It is no secret, that many colleges and universities go to great lengths to attract students, and get their institution noticed. The Campbell University Adrian Wiggins School of Law, for example, purchased a “conference bike” which seats up to 7 adults this past fall.  Law students, it seems, feel anxious; and conducting meetings while getting exercise outdoors may help. If I were enrolled at a law school that cost $68,000 per year, and boasted a 20 percent rate of unemployment 9 months after graduation (as does the Wiggins School of Law located in North Carolina); I believe it would take more than a super-sized tricyle to reduce my stress levels. I would do something drastic, like not enrolling in that law school in the first place!

 But unfortunately, the waste in higher education doesn’t end with trikes that aren’t for tots, or even lazy rivers at the student rec center.  (Not to be outdone by the University of Alabama, Louisiana State has a waterpark, complete with a lazy river spelling “LSU”.) The waste extends even to course offerings.  This month, the University of Kansas announced a new course to be offered fall semester 2019 titled “Angry White Male Studies.” The course purports in part to “examine recent manifestations of male anger.”  The pre-requisite is a course entitled “Women, Gender, and Sexuality.”  Perhaps students would be better off by taking a logic course?  This sort of course sows division and promotes the idea that women and minorities in the freest, most prosperous society in history are somehow victims. If I were a white male student at the University of Kansas, I imagine I would feel angry at this suggestion.

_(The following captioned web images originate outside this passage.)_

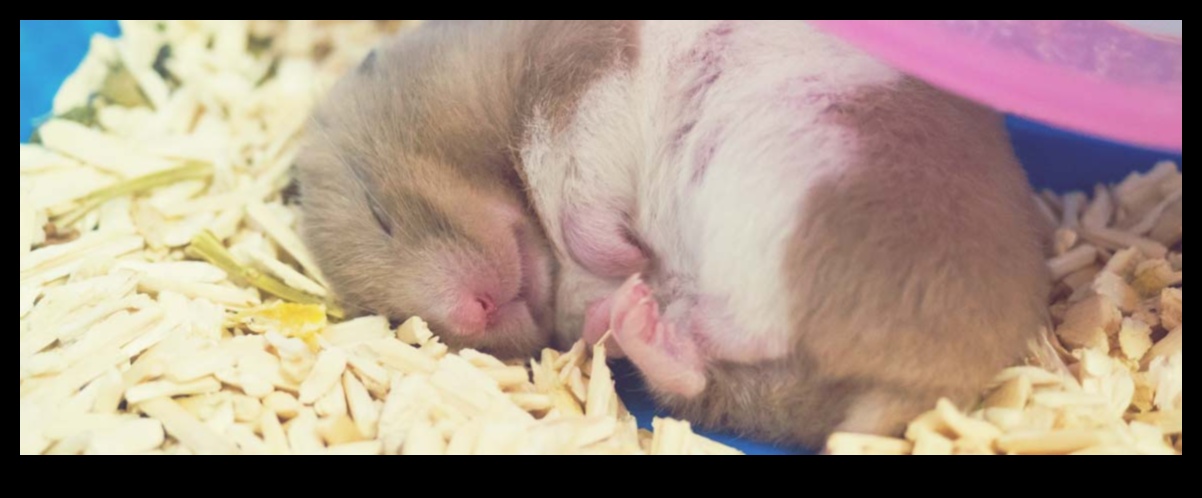 Hamster Uyku Düzenleri Devam Ediyor: Rahat Bir Uyku Ortamı Oluşturma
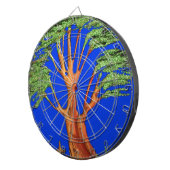 Onder de Blauwe Hemel: Het Acacia Tree Collectie Dartbord (Voorkant Rechts)
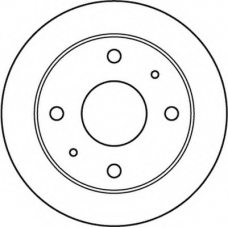 562144BC BENDIX Тормозной диск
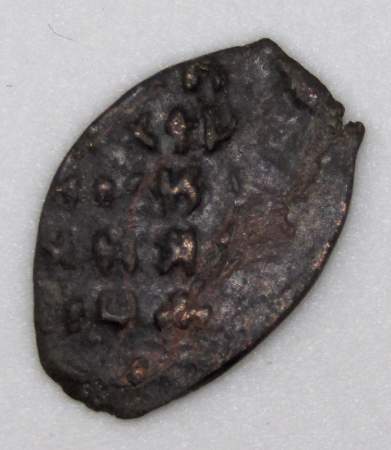 Копейка медь Алексей Михайлович (чешуя), Медный бунт, Старый монетный двор, арт 7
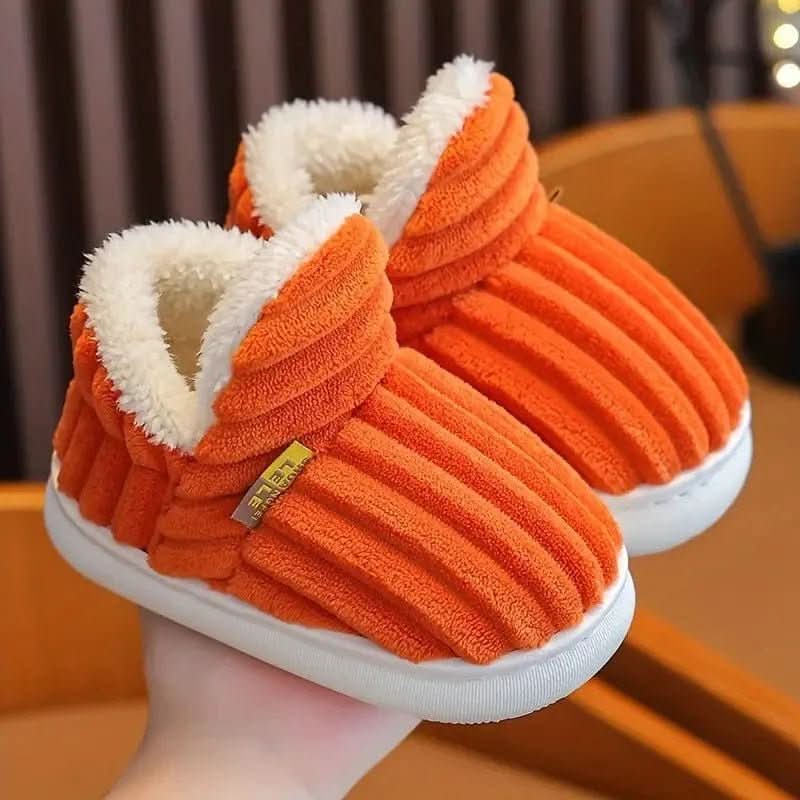 House Slippers Fleece Lined Warm Indoor Comfort Shoes  Character Count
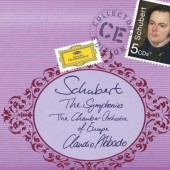 Franz Schubert / Chamber Orchestra Of Europe, Claudio Abbado - Symphonies 1–6, 8 & 9 / Rosamunde Overture / Grand Duo In C Major (Edice 2010) /5CD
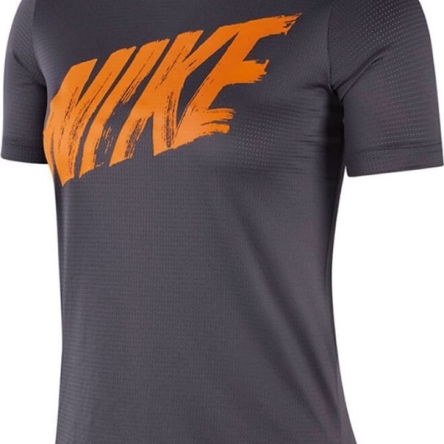 Koszulka juniorska Nike Dri-fit rozmiar S (128 cm) szara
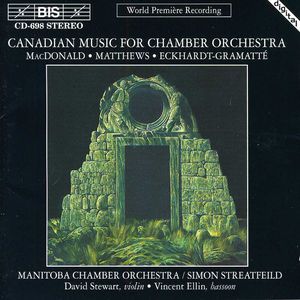 Canadian Music for Chamber Orchestra /  Various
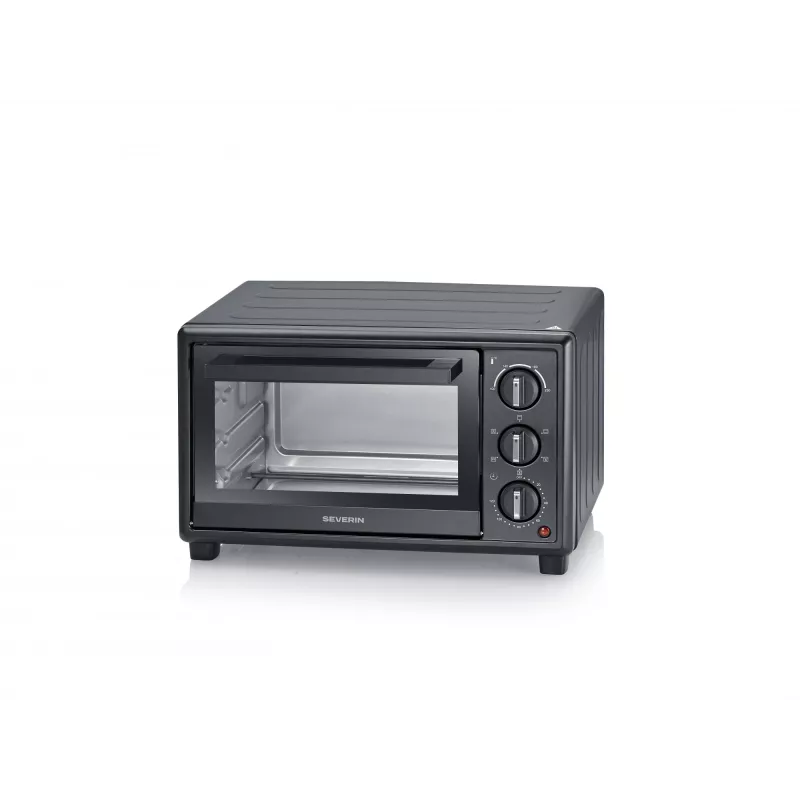 Elektrische tafeloven SEVERIN TO 2079 — 20 L inhoud, 1600 W, zwart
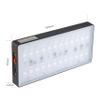 APARO A1 Camera Lights,Portable RGB Video Lights Mini LED Panel Full Color Photography Lighting,10w 2000K-20000K Pixel-Mappable Light,Magnet Adsorption,Wireless Charging,36 Lighting Effects for Vlog view 3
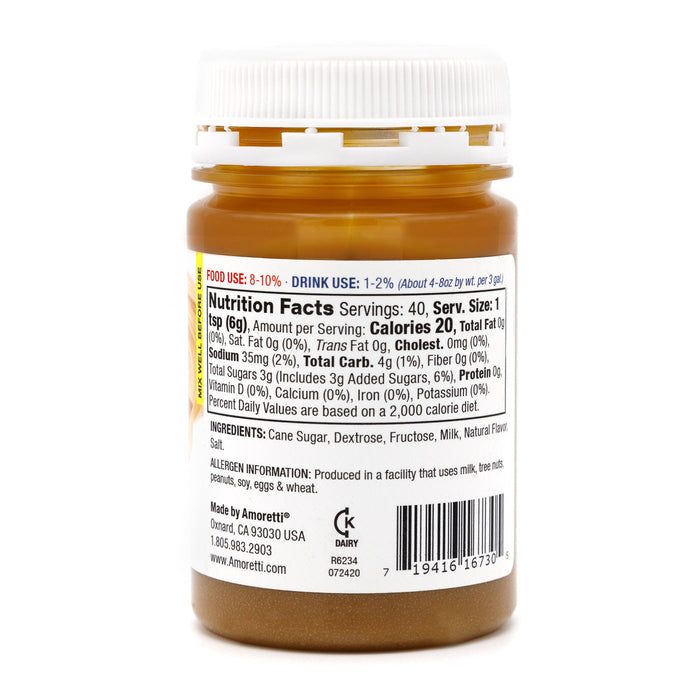 Salted Crema di Caramel Industrial Compound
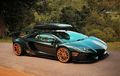 Heboh Pakai Roof Box Ditilang, Lamborghini Aventador Ini Malah Tampil Eye Catching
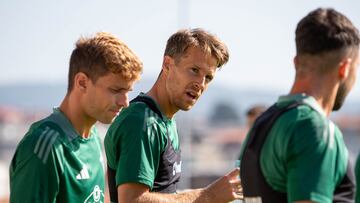 Señé, un líder para guiar la resurrección del Racing de Ferrol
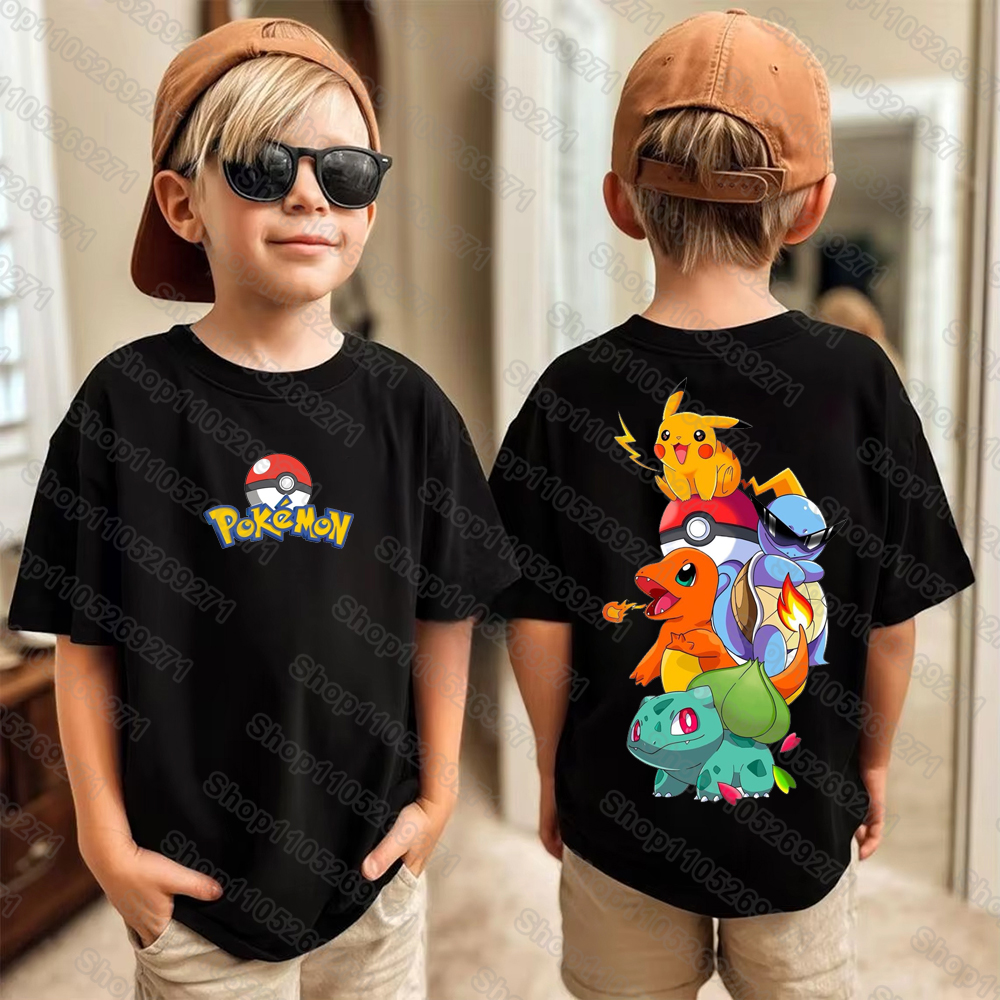 Pokemons Pikachu Cartoon Kids  - Card Sleeves Protector avaliação e preço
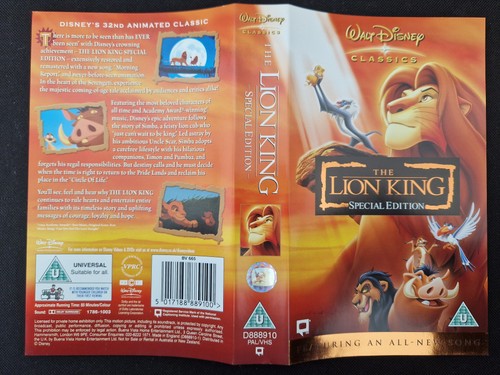 The lion king - king, special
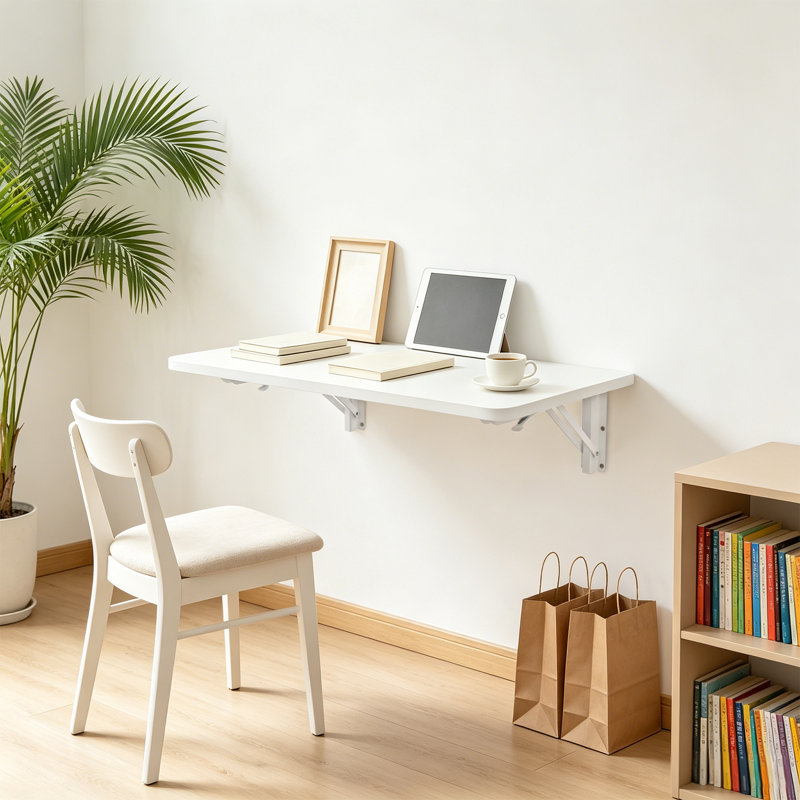 Table pliante murale 23,6 po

In fairness to the University of Kansas, they are far from putting wacky course offerings on the map. Rollins College in Florida offers a course titled “Zombies, Serial Killers, and Madmen.” The purpose of a course on zombies, said professor of philosophy Eric Smaw is to study “consciousness, freedom, and responsibility.”  As anyone who has ever watched The Walking Dead, knows, the mindless, flesh-eating monsters do not have the capacity for conscious thought—thus raising issues of “unevolved or reptilian brains,” said Smaw in an interview with NPR.  But at least a course on zombies isn’t a direct putdown to a sizable segment of the student body. Unless of course you self-identify as a zombie…

Now, I don’t consider the study of angry white males or zombies a particularly expert field.  And it is my belief that humanities courses studying such nonsense at colleges receiving federal monies is unnecessary and a waste of money.  Perhaps, zombies are not the only ones among whose critical thinking skills seem to be on sabbatical.